The motorcycle and golf cart division of Japanese company Yamaha is planning to move its U.S. headquarters out of Southern California to a collection of buildings in the Atlanta suburbs.
Yamaha Motor will vacate its nearly 279,000-square-foot campus in Cypress, California, in multiple phases through the end of 2028, according to a company statement. Avison Young is advising Yamaha on its search for a buyer, and Yamaha said it wants to sign a sale-leaseback agreement with the new owner that will allow it to occupy the California buildings until they are fully vacated.

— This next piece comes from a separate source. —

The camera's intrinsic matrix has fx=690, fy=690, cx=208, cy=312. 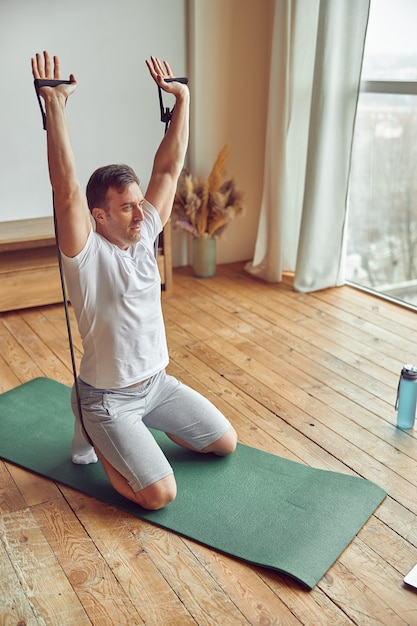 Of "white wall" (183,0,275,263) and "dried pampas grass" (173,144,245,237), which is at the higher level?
"white wall" (183,0,275,263)

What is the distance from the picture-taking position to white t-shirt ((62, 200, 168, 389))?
1987 millimetres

The California properties offer potential "investors and developers the ability to control a significant infill site in one of the most historically supply constrained industrial markets in the county," according to a statement from Patrick Barnes, principal at Avison Young.
Yamaha is making "structural reforms aimed at improving the profitability of its U.S. operations in response to cost increases resulting from U.S. tariffs and changes in the market environment," according to the statement.
Various corporate functions will be shifted to Yamaha's properties in Georgia as a result of the California closure.
Yamaha occupies at least eight separate properties in the Atlanta area. The portfolio includes warehouses in Marietta and Kennesaw that it leases from Prologis, a flex building in Kennesaw leased from GIC Real Estate and several manufacturing facilities in Newnan.
Yamaha has not announced the specific departments to be assigned to the various buildings in Georgia. A total of 250 employees in California will be affected, and not all will move to Georgia, according to a company spokesman.
Yamaha has occupied its 25.1-acre campus in Orange County, California, since 1979. The site includes undeveloped land, office buildings and warehouses.
Yamaha Motor makes motorcycles, electric bicycles, golf carts, all-terrain vehicles, snowmobiles, boats, outboard motors for watercraft, robotics and power generators.
Yamaha Motor was spun off from Yamaha Corp., a maker of musical instruments and audio equipment, in 1955.
For the record
Avison Young's Barnes, Paul Clark, Nick Slonek and Jae Estep are representing Yamaha Motor on the sale of its Orange County campus.